DEPUTY JUDGE DRABU CBE


Between

[A E]
Appellant
And

SECRETARY OF STATE FOR THE HOME DEPARTMENT
Respondent


Representation:
For the Appellant: Ms M Sirikanda, Solicitor
For the Respondent: Mr I Jarvis, Senior Presenting Officer.


DECISION AND REASONS
1. The appellant, a 56-year-old a citizen of Turkey was refused a visit visa for the purpose of making a 9-day family visit to see her son, her daughter, her sister and two brothers, all of whom are British citizens or are resident in the UK. The decision to refuse her visa was made on 25 September 2014. Her appeal against the decision was heard at Hatton Cross by Judge David Taylor, a Judge of the First-tier Tribunal. He heard oral evidence from the sponsor - the appellant's son named [IA] and her brother [KE]. With regard to the evidence of the sponsor and the appellant's brother the Judge in paragraph 8 of his determination said, "I find firstly that I can accept the evidence of the sponsor and his uncle. I had no reason to doubt the truth of anything that they told me." He then went on to conclude that family life between the sponsor and her other relatives that she wished to visit does not exist and the consequences of denial of visit visa to her are not of such gravity as to engage Article 8 of the ECHR.
2. In concluding that family life between the sponsor and other relatives of the appellant does not exist, the Judge first found that there is no dependency by the one of them on the other. In paragraph 10 of his determination the Judge said, "They are adult family members who simply would like to be able to visit each other. I bear in mind the Court of Appeal decision in Kugathas [2003] EWCA Civ 31 which held that, as between adults, for the purposes of Article 8, there must be more than the normal close emotional and other ties that exist between family members." Judge David Taylor said in penultimate paragraph of his determination, "I bear in mind that the appellant's brother and possibly her daughter have refugee status and are unable to visit her in Turkey but there is nothing to prevent them from all meeting in a safe third country if so minded."
3. The appellants were granted permission to appeal to the Upper Tribunal on 20 January 2016 by Judge Zucker, a Designated First tier Tribunal Judge. In granting permission Judge Zucker said, "The grounds submit that the Judge's approach to article 8 ECHR was flawed. In the light of the guidance in the case of Mostafa (Article 8 in entry clearance) [2015] UKUT 00112 (IAC) it is arguable that the Judge erred."
4. I received submissions from Ms Sirikanda and Mr Jarvis at the hearing before me. My attention was drawn to the relevant authorities by both advocates but the main focus was placed on the Kugathas decision and the guidance set out in Mostafa by the Upper Tribunal Presidential panel.

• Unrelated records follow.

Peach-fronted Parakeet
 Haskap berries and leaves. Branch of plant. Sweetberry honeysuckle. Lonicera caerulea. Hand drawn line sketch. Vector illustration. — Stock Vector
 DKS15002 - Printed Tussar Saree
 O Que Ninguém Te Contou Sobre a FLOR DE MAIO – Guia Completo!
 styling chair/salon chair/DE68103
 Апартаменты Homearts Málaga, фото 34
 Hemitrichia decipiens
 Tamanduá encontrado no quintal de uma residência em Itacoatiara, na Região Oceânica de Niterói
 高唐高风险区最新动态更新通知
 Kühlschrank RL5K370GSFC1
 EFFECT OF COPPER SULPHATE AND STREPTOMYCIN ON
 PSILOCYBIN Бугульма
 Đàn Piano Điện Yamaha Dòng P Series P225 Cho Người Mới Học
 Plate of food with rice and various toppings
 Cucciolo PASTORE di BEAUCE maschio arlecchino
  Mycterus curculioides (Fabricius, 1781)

Ms Sirikanda argued that in family visit cases it was necessary to make findings on requirements under immigration rules as in the proportionality assessment made for the purposes of determining the appeal under Article 8, the extent to which an applicant met the requirements of the Rules was a relevant though not a determinative factor. She submitted that there had been a singular failure on the part of Judge David Taylor to engage with evidence relating to the intention of the appellant, her financial ability, accommodation etc. as provided for in Rule 41 of the Immigration Rules applicable to visitors. This failure in itself was a material error of law as the respondent himself had made adverse findings / observations / comments in relation to fulfilment of requirements under the Rules. She also argued that the principle set out in Kugathas and applied by the Judge in this case was a misdirection as the dicta in Kugathas had very limited relevance to the facts of this case as some of the relatives that the appellant wished to visit are refugees and hence incapable of going to see the appellant in Turkey. She contended that the jurisprudence that followed the decision in Kugathas had mitigated the harshness of the dicta in Kugathas especially in cases where people were seeking entry for temporary purposes such as visits. In support of this submission she relied on the Presidential Panel decision in Mostafa and also the decision of the Grand Chamber in the case of Khoroshenko v Russia - a judgement delivered in Strasbourg on 30 June 2015 as well as that of the Upper Tribunal in Kaur (visit appeals; Article 8) [2015] UKUT 487. She asked that the decision of Judge David Taylor be set aside as being in material error of law for his misconceived view of Kugathas decision and his failure to make material findings of fact. She asked that the appeal be directed to be heard afresh by the First Tier Tribunal as the appellant had so far not had a fair hearing.
5. Mr Jarvis in his submissions reminded me that he had personal connection with the case of Mostafa as he had represented the respondent in that appeal too. Mr Jarvis argued that the decision of the First Tier Tribunal was not in material error of law. The Judge had correctly and properly dismissed the appeal based upon his reliance on the dicta in Kugathas. He submitted that the decision in Adjei [2015 UKUT 0261 (IAC) made by the Upper Tribunal Judge Southern should be followed and preferred to the guidance given in Mostafa. He drew my particular attention to paragraphs 8, 9 and 15 of the determination. Mr Jarvis also relied on the decision of the Court of Appeal in Singh & Another v The Secretary of State for the Home Department [2015] EWCA Civ 630. He argued that the decision in the case of Khorashenko had no relevance to the facts of the case before me. He submitted that as the determination of Judge David Taylor was not in material error of law, it should not be disturbed.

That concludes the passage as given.